Spy Shitta, whose real name is Rasaq Bolanle Shitta, released his debut EP, Spy Shitta The EP, on October 28, under Oystars Breed Entertainment. It is the 23-year-old’s first body of work. And yet he has enjoyed an enviable privilege which many young artists do not typically get on their first rodeo: an Olamide feature. “Make we gum like Diddy and J-Lo in ’99,” raps the YBNL boss in Kolobi, the last of the 7 songs comprising this EP.
As you may have already deduced from the simile cited above, the mid-tempo song, with its pensive synths and Caribbean drum patterns, has both singer and rapper making romantic overtures. Neither man nor insect can tell what Shitta means by “Kolobi”. But one senses he is asking an unspecified dame to give in to his entreaty, given he follows it with the lines, “if you need me, baby / call on me.” At any rate, it shows that although he is not yet at the centre of pop music, Shitta has a pop act’s sensibility, his knack for onomatopoeic neologisms proving as much. That two songs in this EP are titled Carolina and Whine seals the deal, the former a generic female name in Nigerian pop, the latter a ready verb on the tongue of many a Nigerian pop singer. It is clear where Shitta wants to be: slap bang in the mainstream.
The songs Carolina, Whine, Migraine and Kele are dappled with euphemized lust, and see Shitta continue his romantic plea. All four songs, including Kolobi, rely on a beat that isn’t in a hurry to arrive at its destination. A pattern emerges: Shitta may speak like a pop star but he doesn’t exactly love like one. The typical pop artist layers his lustful lyrics over frenetic beats, whereas a mellow introversion marks the soundscape in which Shitta bares his love and lust.

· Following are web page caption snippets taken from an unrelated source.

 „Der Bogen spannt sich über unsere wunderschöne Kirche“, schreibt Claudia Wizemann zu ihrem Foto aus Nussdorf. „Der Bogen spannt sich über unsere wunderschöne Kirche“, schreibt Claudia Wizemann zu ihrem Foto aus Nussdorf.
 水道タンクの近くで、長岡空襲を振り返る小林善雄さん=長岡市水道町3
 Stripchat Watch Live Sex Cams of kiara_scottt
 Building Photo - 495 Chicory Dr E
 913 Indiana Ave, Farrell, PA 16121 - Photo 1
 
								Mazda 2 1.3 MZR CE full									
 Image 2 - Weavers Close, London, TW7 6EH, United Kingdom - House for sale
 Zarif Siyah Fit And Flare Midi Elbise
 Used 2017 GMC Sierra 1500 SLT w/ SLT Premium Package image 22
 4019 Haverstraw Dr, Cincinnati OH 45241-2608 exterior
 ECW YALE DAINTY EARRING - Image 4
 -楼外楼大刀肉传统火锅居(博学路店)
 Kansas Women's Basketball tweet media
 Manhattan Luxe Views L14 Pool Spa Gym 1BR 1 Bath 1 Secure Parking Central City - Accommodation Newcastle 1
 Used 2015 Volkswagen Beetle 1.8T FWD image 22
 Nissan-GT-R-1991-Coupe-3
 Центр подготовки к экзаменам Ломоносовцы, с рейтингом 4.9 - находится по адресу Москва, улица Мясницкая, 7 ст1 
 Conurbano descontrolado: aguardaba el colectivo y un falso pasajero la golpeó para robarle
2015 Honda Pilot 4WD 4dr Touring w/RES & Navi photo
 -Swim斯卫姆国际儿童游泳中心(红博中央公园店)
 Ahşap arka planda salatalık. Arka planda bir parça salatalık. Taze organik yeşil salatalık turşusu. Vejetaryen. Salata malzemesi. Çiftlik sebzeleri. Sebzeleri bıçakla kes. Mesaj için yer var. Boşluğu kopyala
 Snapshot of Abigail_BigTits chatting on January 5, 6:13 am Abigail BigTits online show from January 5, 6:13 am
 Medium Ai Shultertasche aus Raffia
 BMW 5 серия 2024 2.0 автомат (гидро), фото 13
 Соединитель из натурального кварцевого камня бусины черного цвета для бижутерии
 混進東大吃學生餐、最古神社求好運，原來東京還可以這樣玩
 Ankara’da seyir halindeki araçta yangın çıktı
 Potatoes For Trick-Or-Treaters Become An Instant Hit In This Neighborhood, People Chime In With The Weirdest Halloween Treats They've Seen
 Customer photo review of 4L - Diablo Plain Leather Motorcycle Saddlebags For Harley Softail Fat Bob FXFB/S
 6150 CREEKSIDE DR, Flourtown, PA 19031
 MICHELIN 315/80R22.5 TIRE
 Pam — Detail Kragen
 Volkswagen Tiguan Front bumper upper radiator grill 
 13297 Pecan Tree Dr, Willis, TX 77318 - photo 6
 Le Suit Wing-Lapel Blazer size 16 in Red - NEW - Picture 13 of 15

Though his lyricism bears familiar verbal tricks, Shitta has got a few surprises. As Kolobi winds to a close, a flautist takes over, willing the instrument to produce sounds one is used to hearing either at an Igbo Catholic Mass or at an Igbo wedding. Who are you wooing, Shitta? A dame named Chisom or Ifemelu?
The song Thankful, which opens the EP, works like a confessional, saving you the trouble of reading Shitta’s interviews with the press. We learn what drives his music—presumably there are other more aesthetic impulses, but he divulges a pragmatic one: the fear of “poverty.” He also confesses his mother’s charge that he must attend a university, a teensy detail hinting at the tussle he may have had with his parents, who may not have entirely conceded to his choosing music as a career. Shitta did not attend a university though. He studied Mass Communication at Yaba College of Technology, a polytechnic; there he performed at school events, refining his music and stagecraft.
He started making music at age 13, recording his first song at a studio in Abesan Estate, an area in Lagos where he lived out his formative years. He has come a long way since then and is keen on forging on. While he has landed a collaboration with Olamide, he hopes to work with Wande Coal, Wizkid and 9ice, citing the three industry heads as his core influences. In his words, “this EP is my stepping stone. I call it my statement project. Next year, I should be dropping a lot of singles, an album, and more collaborations.”